*** PROVIDED MATERIAL

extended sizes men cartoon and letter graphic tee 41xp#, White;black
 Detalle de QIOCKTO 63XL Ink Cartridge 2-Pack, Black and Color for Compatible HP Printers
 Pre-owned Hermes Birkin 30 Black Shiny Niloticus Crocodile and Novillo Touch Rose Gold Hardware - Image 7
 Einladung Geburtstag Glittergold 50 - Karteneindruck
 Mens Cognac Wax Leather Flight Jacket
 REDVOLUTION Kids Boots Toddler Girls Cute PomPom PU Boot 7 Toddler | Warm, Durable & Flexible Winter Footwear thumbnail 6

******

**WHAT IS EXPECTED**
For the records above, restate every line word for word.

**WRITTEN SOLUTION**
extended sizes men cartoon and letter graphic tee 41xp#, White;black
 Detalle de QIOCKTO 63XL Ink Cartridge 2-Pack, Black and Color for Compatible HP Printers
 Pre-owned Hermes Birkin 30 Black Shiny Niloticus Crocodile and Novillo Touch Rose Gold Hardware - Image 7
 Einladung Geburtstag Glittergold 50 - Karteneindruck
 Mens Cognac Wax Leather Flight Jacket
 REDVOLUTION Kids Boots Toddler Girls Cute PomPom PU Boot 7 Toddler | Warm, Durable & Flexible Winter Footwear thumbnail 6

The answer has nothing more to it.